**EXERCISE OBJECTIVE:**
Write down exactly what lies from the line containing "3 Pack Nylon" to the end of the records, inclusive, and omit the pictures.

Web page caption snippets:
┌──

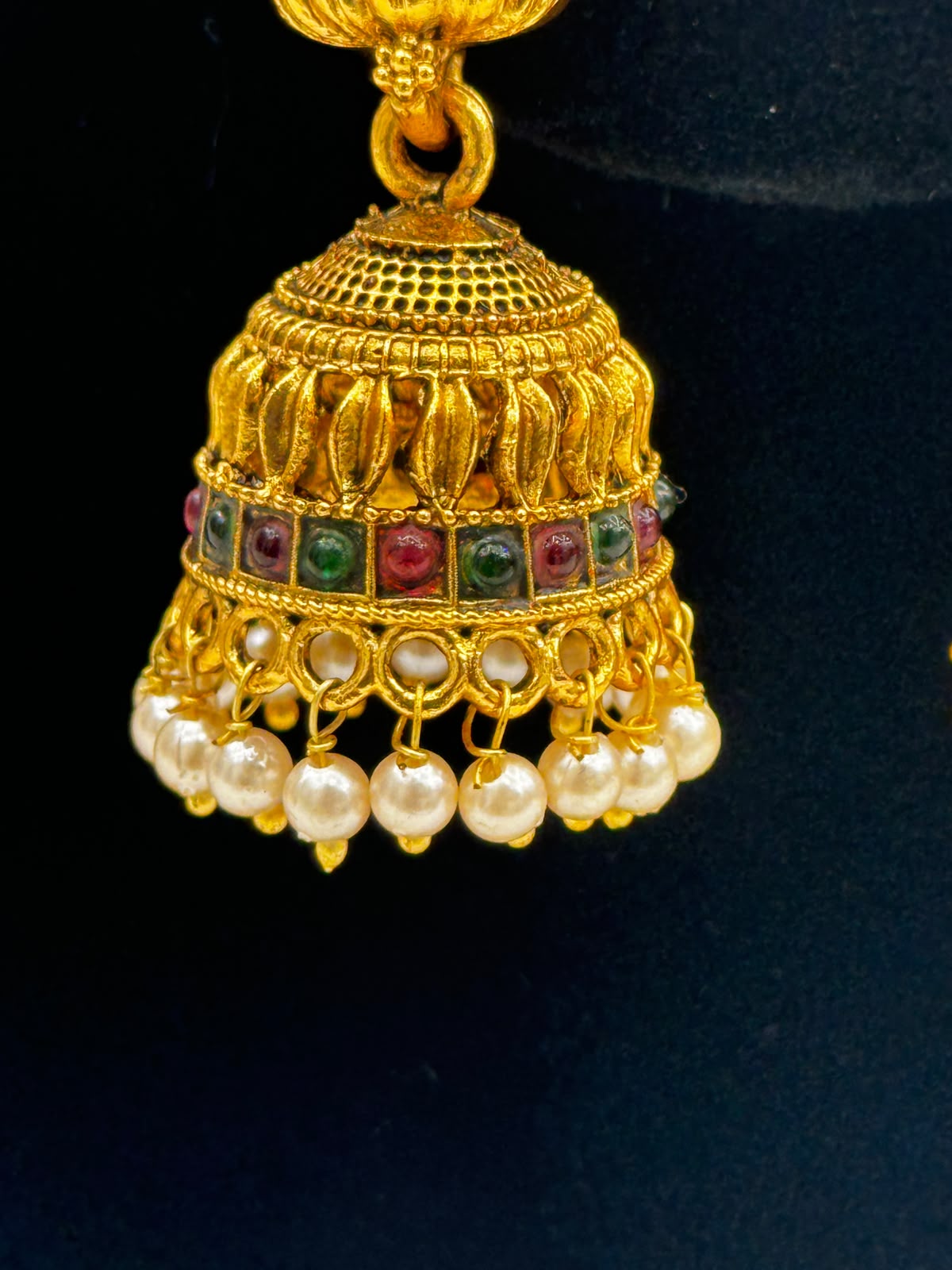 Traditional Gold Plated Pearl Jhumka Earring -7198
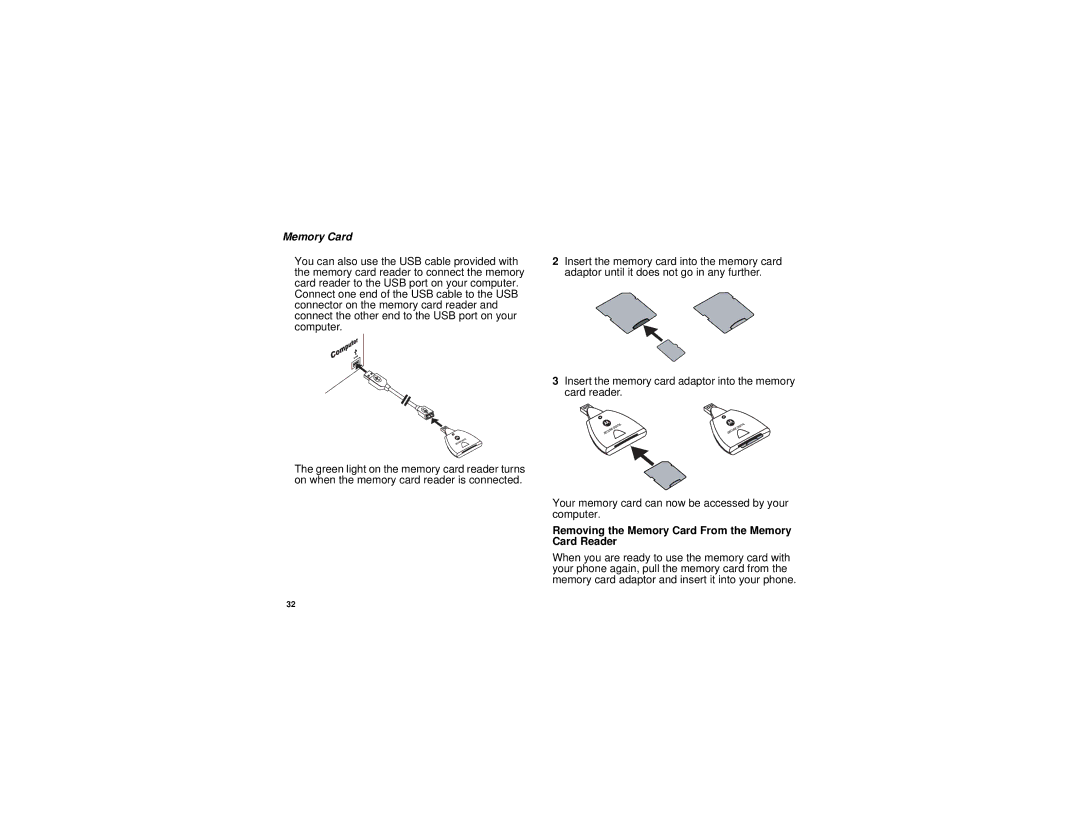 Motorola i885 manual Removing the Memory Card From the Memory Card Reader 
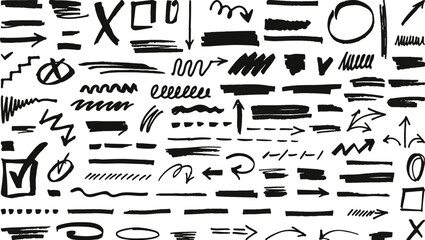 Black marker stains grunge set. Handwriting scribble stroke, underline graphite textures. Brush signs and crayon drawing neoteric vector elements - 619211770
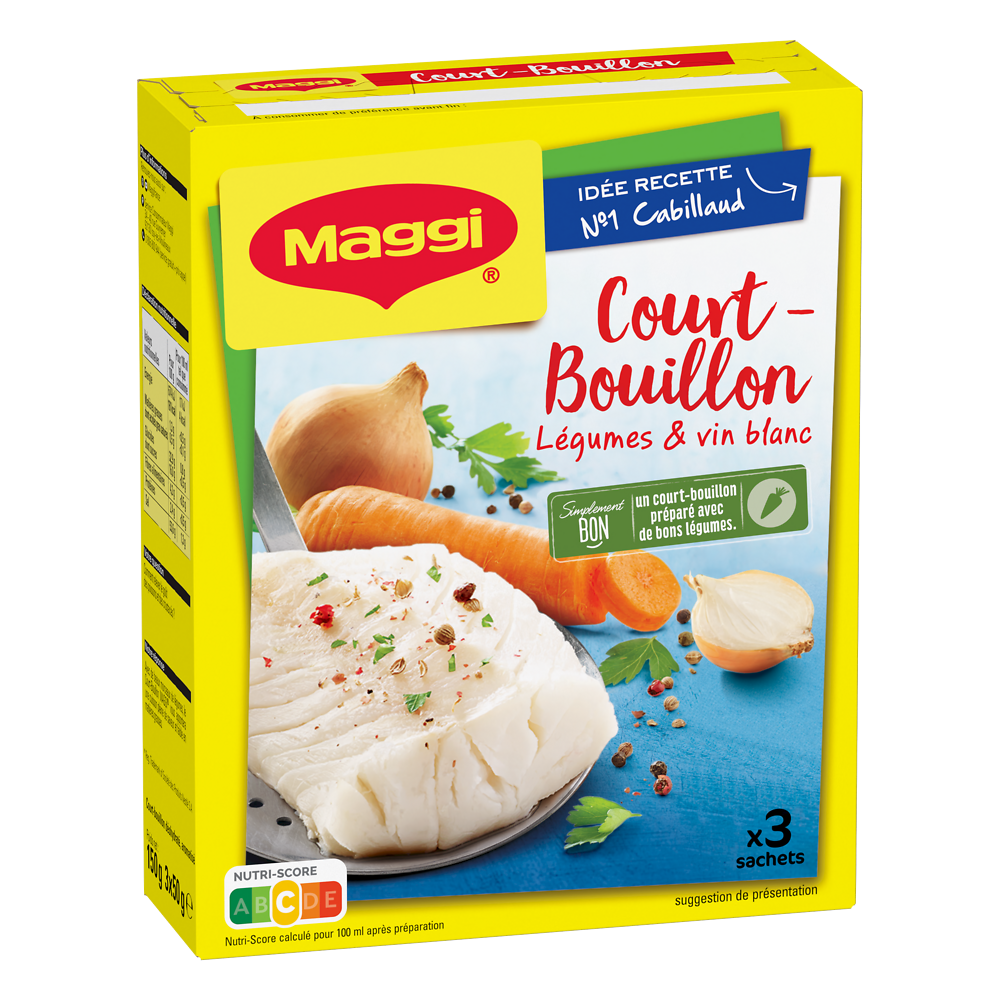 Court bouillon légumes et vin blanc Maggi - 150g - 3 sachets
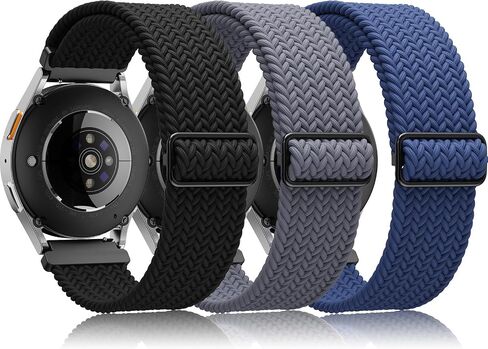 3 Pack Nylon Band Compatible with Samsung Galaxy Watch 7 FE 6 5 4 3 /Watch 5 Pro /6 4 Classic/Gear S3 S2, 16mm 18mm 20mm 22mm Strap for Galaxy Watch 47mm 46mm 45mm 44mm 40mm 43/42/41mm Men Women in Saudi Arabia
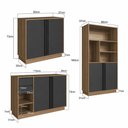 Ver imagem 3 de Conjunto Escritório Office 3 Peças, Armário Alto 2 Portas, Nichos e Armário Baixo 4 Portas, 2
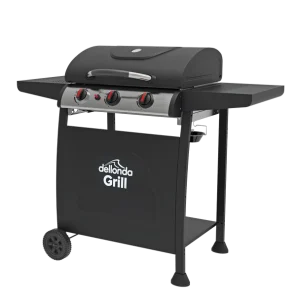 Dellonda 3 Burner Gas BBQ Grill with Piezo Ignition & Thermometer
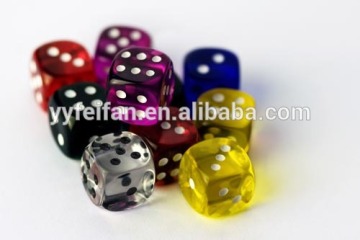Transparent dice with various color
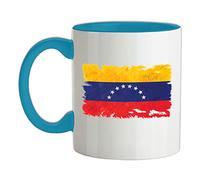 Venezuela Grunge Style Flag - 11oz - Ceramic Two-Tone Mug for Coffee/Tea - Babyblue/White - One Size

└──

**ANSWER FOR THE TASK:**
 3 Pack Nylon Band Compatible with Samsung Galaxy Watch 7 FE 6 5 4 3 /Watch 5 Pro /6 4 Classic/Gear S3 S2, 16mm 18mm 20mm 22mm Strap for Galaxy Watch 47mm 46mm 45mm 44mm 40mm 43/42/41mm Men Women in Saudi Arabia
 Ver imagem 3 de Conjunto Escritório Office 3 Peças, Armário Alto 2 Portas, Nichos e Armário Baixo 4 Portas, 2
 Dellonda 3 Burner Gas BBQ Grill with Piezo Ignition & Thermometer
Transparent dice with various color
 Venezuela Grunge Style Flag - 11oz - Ceramic Two-Tone Mug for Coffee/Tea - Babyblue/White - One Size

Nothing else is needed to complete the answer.